Now that you know what metabolism is, you can see some benefits of knowing your RMR. One of the most beneficial is knowing what foods work best with your activity and metabolism. With this knowledge, you can provide your body with the fuel it needs to live a healthy lifestyle. You might think that as long as you eat healthy foods, you’re doing the right thing for your body. But some “healthy” foods may not actually be healthy for your genetics, body composition, and your metabolism. Metabolic testing can help you find the right foods for you.
With a good analysis of your metabolism, you can now create a personalized fitness plan to really focus on what types of exercise will benefit your body the most. Metabolic testing allows you to see your body’s weaknesses and strengths, so you can cater your exercise routine to capitalize on making it better and making you a healthier athlete.
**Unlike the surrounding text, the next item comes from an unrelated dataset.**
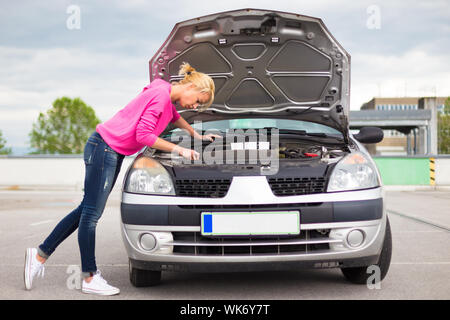 Donna ispezione broken auto motore. Foto Stock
Learning about your metabolism and body composition can also help you avoid many preventable diseases later on in life. Although you might be doing everything you can to keep physically fit by working out and eating right, you have to remember the genes of your ancestors can also make a big impact on your health. If your grandparents had high blood pressure or diabetes, there’s a chance that you might have an increased risk of developing it too. By knowing how your body reacts to different foods and exercises through metabolic testing, you can create a healthier life plan to counter attack some of those predispositions you got from your family tree.
So, as you make your strategic plan for your life, consider metabolic testing as a great tool for your health. Knowing what your body needs makes it much easier to figure out how to make it last for a long, long time.